Os ministros do TSE entenderam que a decisão abre um precedente para
que as propagandas eleitorais sejam mais "programáticas" e
"propositivas". "A Justiça Eleitoral tem que adotar uma postura de como
vai admitir que esse jogo seja jogado", declarou o ministro Luiz Fux.

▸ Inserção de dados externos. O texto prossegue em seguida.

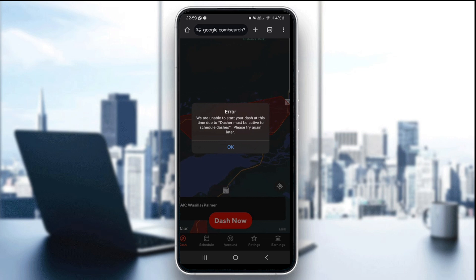This error typically means one of three things: either the area is too busy or too slow, your account has an issue, or the app is glitching. So let's fix it right now. The first thing you want to do is to confirm the dash availability.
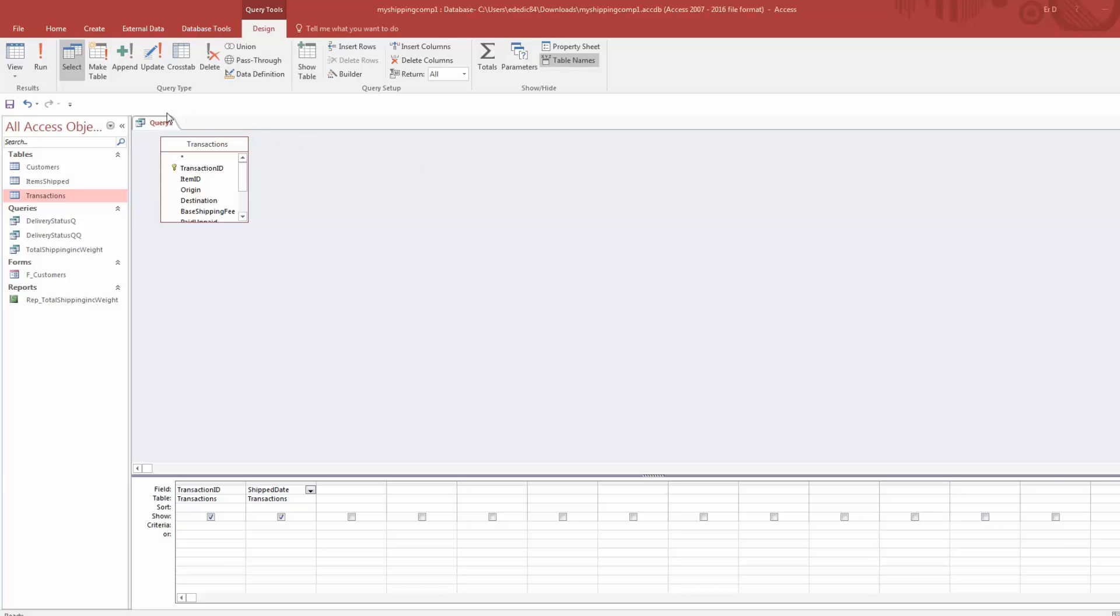We're going to get right into things. What I've done so far is I've started a query with just one of the tables being used, the Transactions table that we made earlier in the full course. I've just taken two of the fields: the Transaction ID field and the Shipped Date field.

O especialista em Direito Eleitoral e Constitucional Erick Wilson
Pereira, professor da Universidade Federal do Rio Grande do Norte
(UFRN), assinala que na campanha do segundo turno se trabalha a
desconstrução da imagem do adversário, ao contrário do primeiro turno,
em que o tom é mais propositivo.
"Nesse sentido, se busca mostrar o aspectos negativos do oponente e,
às vezes, isso transborda o raio da legalidade e da razoabilidade",
afirma.
"O eleitor precisa de informação, isso é um direito constitucional. Por isso, a Justiça Eleitoral não pode permitir que as campanhas modifiquem os fatos", argumenta. "Além disso, a propaganda não é gratuita. Ela é paga pelo contribuinte com os benefícios e compensações fiscais que as emissoras têm."
O advogado considera que, nestas eleições, a Justiça Eleitoral se posiciona de uma forma mais contundente. Em pleitos anteriores, processos que se referiam a mandatos de governador, senador e presidente da República geravam uma timidez devido ao peso dos cargos.
"Hoje, a Justiça Eleitoral tem cassado mandatos e aplicado multas para gerar um efeito educativo nos cidadãos e nos políticos", avalia.
Já Romano é cético quanto ao novo posicionamento do TSE. "Existe uma pressão insuportável dos poderes sobre o Judiciário, que não desgosta de privilégios. É muito difícil conseguir que a corte aja de uma maneira imparcial, objetiva e prudente", diz o professor da Unicamp.
Minirreforma
Neste ano, a presidente Dilma Rousseff sancionou a lei da minirreforma eleitoral. O texto prevê alterações de prazos e estabelece maiores restrições para evitar a propaganda eleitoral irregular.
No âmbito das redes sociais, é permitido a candidatos e filiados partidários se manifestarem em grupos de discussão na internet, sem que isso seja considerado propaganda eleitoral antecipada. A nova legislação, no entanto, só vale para as eleições municipais, em 2016.
Para a advogada Patrícia Peck Pinheiro, a minirreforma eleitoral não será suficiente para promover o controle sobre manifestações políticas na internet. A especialista defende que o TSE se empenhe na educação da cidadania digital e na regulamentação dos limites do que pode ou não ser feito nas mídias sociais.
"Uma cartilha de ética e cidadania digital já ajudaria muito, mas também é necessário falar sobre consequências a quem não cumpre as regras eleitorais. No Brasil, prevalece a crença da impunidade", diz.
Romano avalia que a nova lei se apresenta como um paliativo, não uma solução: "A Justiça Eleitoral ainda tem muito o que caminhar para assegurar eleições republicanas no Brasil, a começar por uma grande reforma na estrutura dos partidos, que são dominados por oligarquias."